How to model schema in Elasticsearch when a particular entity contains both metadata and content

Hi, I am indexing articles information into Elasticsearch.
The article information has metadata(article title, authors, viewCount ) and the article content itself.
Metadata is of smaller size around 20KB. And article content is of larger size, it may range anywhere from 100KB to 2MB. And metadata information is frequently updated.

So I want to know how to model this piece of information.

Elastic search documents say "A single document should contain all of the information that is required to decide whether it matches a search request."

But there are several approaches and counter-arguments presented by the team.

  1. Index both metadata and content in one document, as the docs say.
    The counter-argument: As the metadata is changed frequently and content will be huge, this is a bad approach.
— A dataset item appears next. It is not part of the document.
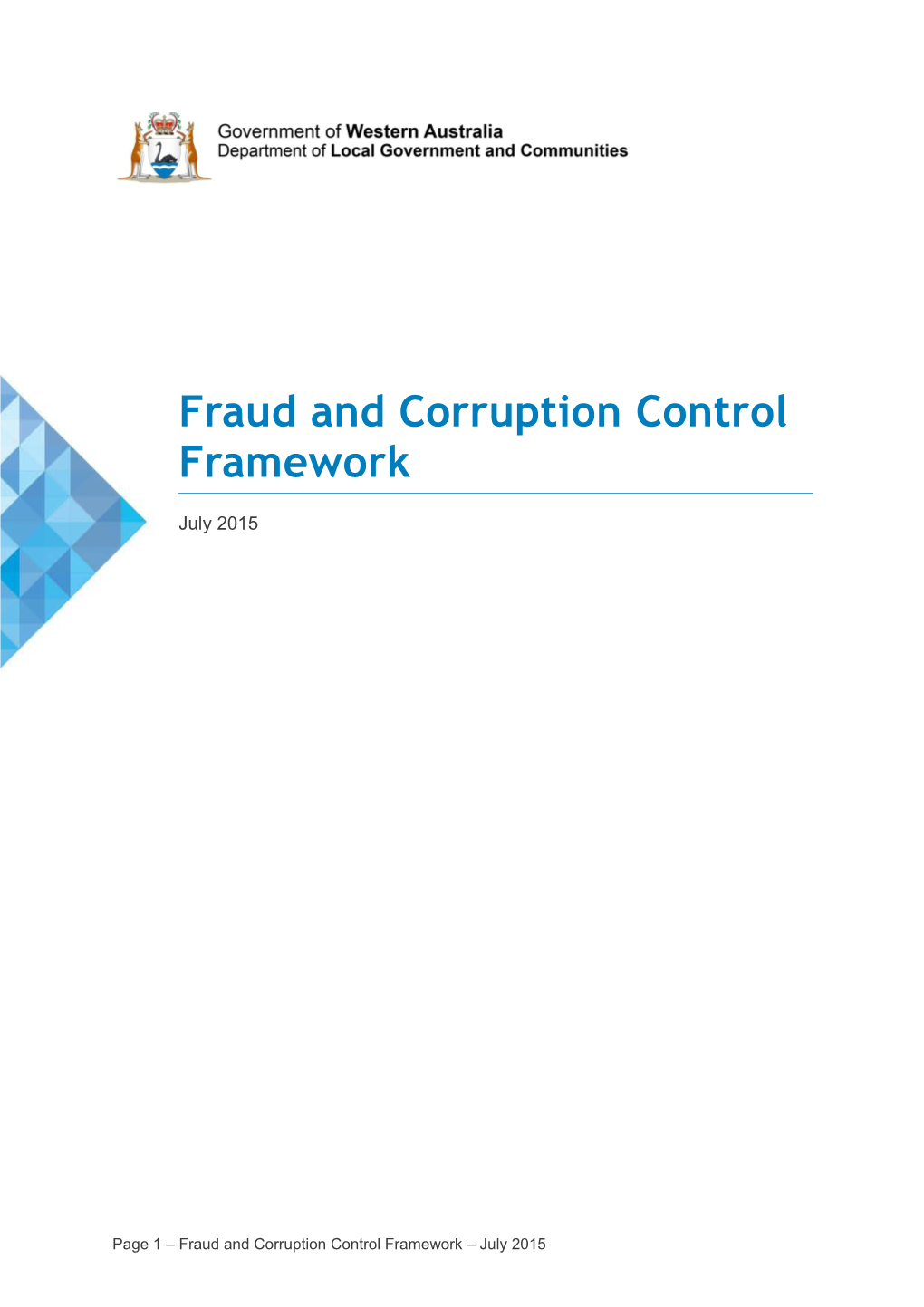 Fraud and Corruption Control Framework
So just for small changes, the entire document will be updated again and again. And updating a doc in ES is IO intensive and hence costly operation.

  2. Hence it was suggested to put metadata in one index and content in another index. The problem with this approach is if we search for a term which is present in both metadata and content (like a term present in both title and content), it is giving us two documents from both the index which should be ideally one. Even aggregations don't suit this scenario.
    In this scenario then we have to hit two queries for each index and do Application side join.

  3. Maintain a parent-child relationship. With metadata being the parent and content being the child in the same index. But with this will I be able to search across both parent and child but get only parent document if both matches the query criteria.
    ES docs say only use Parent-child if the parent has multiple children. And even the search queries will be slow.

There is no conclusion that has been arrived.

Please suggest how to model when a single entity contains both metadata and content, and content will be huge.

Thanks.

How frequent are you updating your documents? How large portion of the data set is updated every day?

@Christian_Dahlqvist There are around 3 million article records currently. A maximum of around 2000 - 3000 thousands of new records are added everyday. But the chances of a particular record getting updated is very infrequent. Maybe maximum of 10 times during its lifetime.

But we want to add article viewed count into the records in the future. In that case each record will be updated once in a day.
Can you please tell what approach to take in both the scenarios?

It does not sound like that qualified as frequent updates, so I think option 1 should be fine. If you start updating all documents every day and need to include these added stats in querying or relevance calculations, it might at that point be worthwhile instead storing the view counts in a child document as long as this meets your query needs.

Thank you so much @Christian_Dahlqvist.

So just to paraphrase, we will keep both the metadata and content in a single document. But those fields like view count which are updated daily (or frequently) and are used for querying or sorting be kept as child document.
RIght?

But just a related question. What about ES docs which says "Use parent-child relationships sparingly, and only when there are many more children than parents."? Does this case doesn't hold true here?

@Christian_Dahlqvist ?

That is the typical use-case, but it might be useful here as well. Whether it is worth the hassle and potential performance penalty depends on how feasible it is to update the documents if all data was stored together.